McCarthy fails for third long day in GOP House Speaker fight
WASHINGTON (AP):
For a long and frustrating third day, divided Republicans left the Speaker’s chair of the US House sitting empty Thursday, as party leader Kevin McCarthy failed and failed again in an excruciating string of ballots to win enough GOP votes to seize the chamber’s gavel.
Pressure was building as McCarthy lost a seventh, eighth and historic ninth round of voting, tying the number it took the last time this happened, 100 years ago, in a prolonged fight to choose a Speaker in a disputed election.
With his supporters and foes locked in stalemate, feelings of boredom and desperation seemed increasingly evident with no end in sight.

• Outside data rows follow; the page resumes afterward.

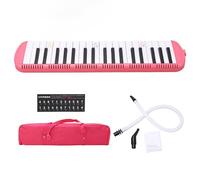 Jenngaoo Melodica 37 Key, Professional Wind Musical Instrument with Blowpipe for Beginner Adult Learner Practice Blue Pink Black (Pink)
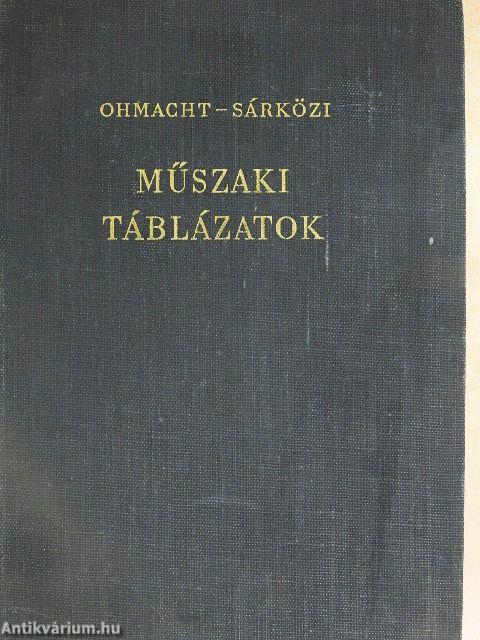 Műszaki táblázatok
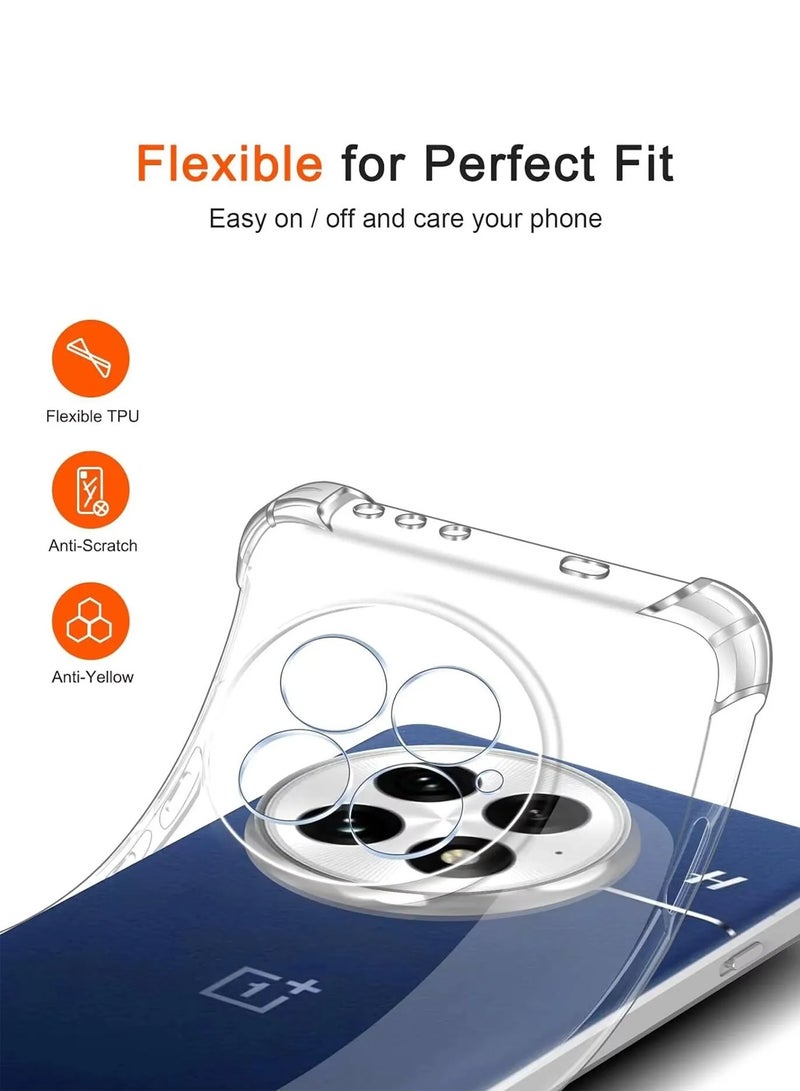 دبليو تيك جراب حماية زوايا من TPU لجهاز OnePlus 13 5G 2024 مع غطاء صلب من PC (MCTPTN) - شفاف - Image 4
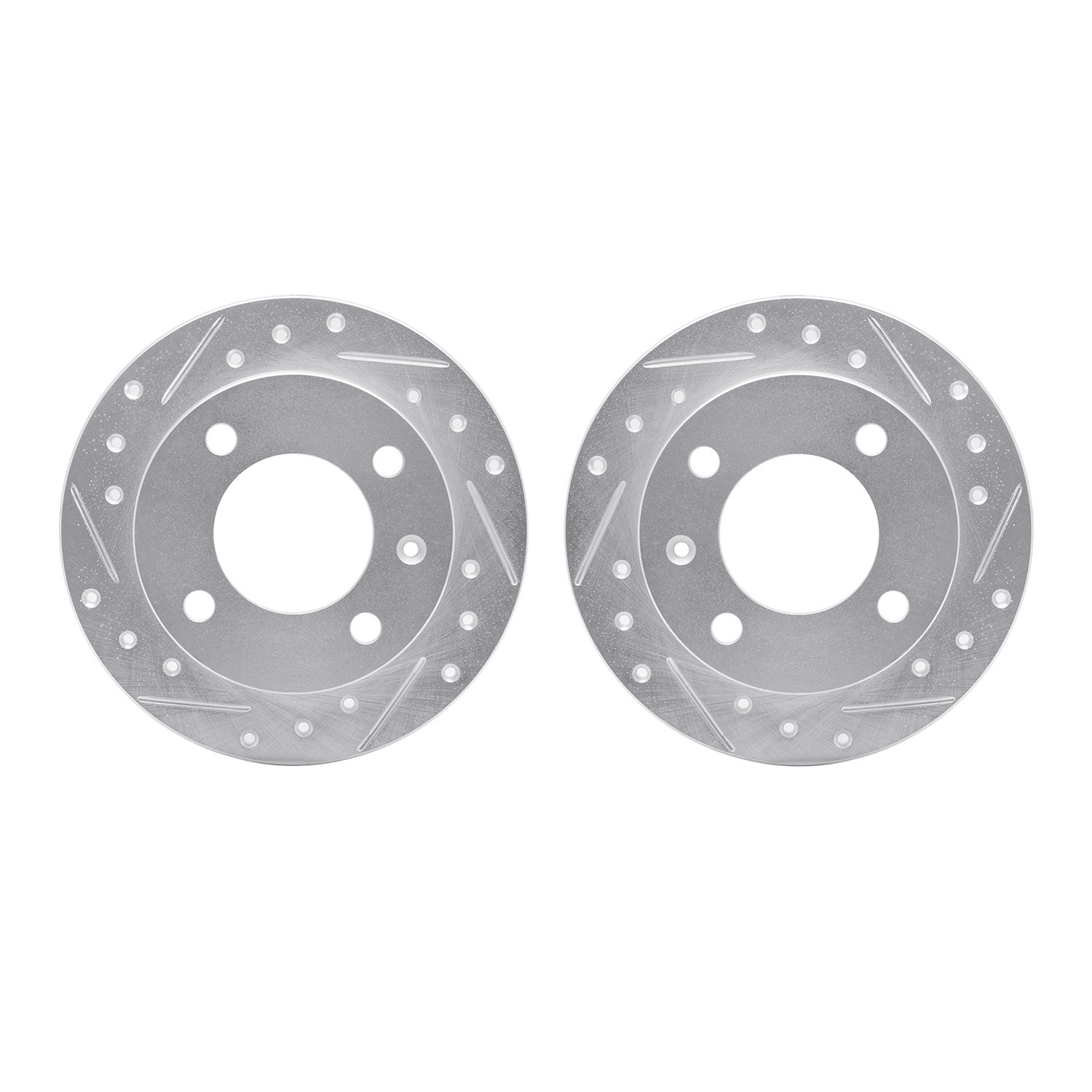 7002-54131 Drilled/Slotted Brake Rotors [Silver], 1978-1980 Ford/Lincoln/Mercury/Mazda, Position: Front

Nevertheless, a 10th vote was launched.
One McCarthy critic, Matt Gaetz of Florida, cast votes in two rounds for Donald Trump, a symbolic but pointed sign of the broader divisions over the Republican Party’s future.
“It’s not happening,” said Lauren Boebert of Colorado who nominated a new alternative, Kevin Hern of Oklahoma, and urged fellow Republicans to embrace a future without McCarthy: “We need a leader who is not of the broken system.”
McCarthy could be seen talking, one on one, in whispered and animated conversations in the House chamber, and met privately earlier with colleagues determined to persuade Republican holdouts to end the paralysing debate that has blighted his new GOP majority.
“We’re having good discussions and I think everyone wants to find a solution,” McCarthy told reporters shortly before the House gavelled in its third session.
The House, which is one-half of Congress, is essentially at a standstill, unable to launch the new session, swear in elected members and conduct official business.
Yet, despite endless talks, signs of concessions and a public spectacle unlike any other in recent political memory, the path ahead remained highly uncertain. What started as a political novelty, the first time since 1923 a nominee had not won the gavel on the first vote, has devolved into a bitter Republican Party feud and deepening potential crisis.
Democrat Hakeem Jeffries of New York was re-nominated by Democrats. He won the most votes on every ballot but also remained short of a majority. McCarthy ran second, gaining no ground.
McCarthy resisted under growing pressure to somehow find the votes he needed or step aside so the House could open fully and get on with the business of governing.